Complaints HA17-14 and HA17-134

Mackenzie Health

January 30, 2019

Summary: The complainant submitted a correction request under section 55(1) of the Personal Health Information Protection Act to Mackenzie Health (the hospital) with respect to information contained in her late mother’s medical records. The hospital denied the request for correction, but added a late entry progress note to the medical records. The hospital also denied the complainant’s subsequent request for a correction of that progress note. The hospital relied on sections 55(8) and 55(9)(b) in respect of both decisions to deny the correction requests. In this decision, the adjudicator finds that the complainant has not established that the records are incomplete or inaccurate for the purposes for which the hospital uses the information. The hospital is not required to correct the records under section 55(8) of the Act, and no order is issued.

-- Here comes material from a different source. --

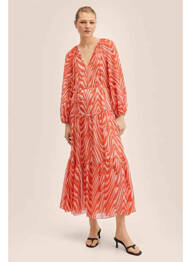 Rochie lungă portocaliu MANGO femeie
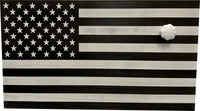 American Flag Decorative & Secure Wall-Mounted Gun Cabinet (Black & White Distressed)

Statutes Considered: Personal Health Information Protection Act, 2004, sections 55(1), 55(8), 55(9) and 55(11).

Decisions Considered: PHIPA Decisions 36 and 40.

BACKGROUND:

[1]  This decision addresses the hospital’s denial of requests under section 55(1) of the Personal Health Information Protection Act (PHIPA or the Act) for correction of records of personal health information of the requester’s late mother relating to her hospitalization in May 2016.

[2]  After receiving access to the records of personal health information of her mother from the hospital, [1] the daughter requested correction of information on four pages of records identified as Physician Orders, Progress Notes, Medication Administration Record, and Critical Care Response Team Consultation Record.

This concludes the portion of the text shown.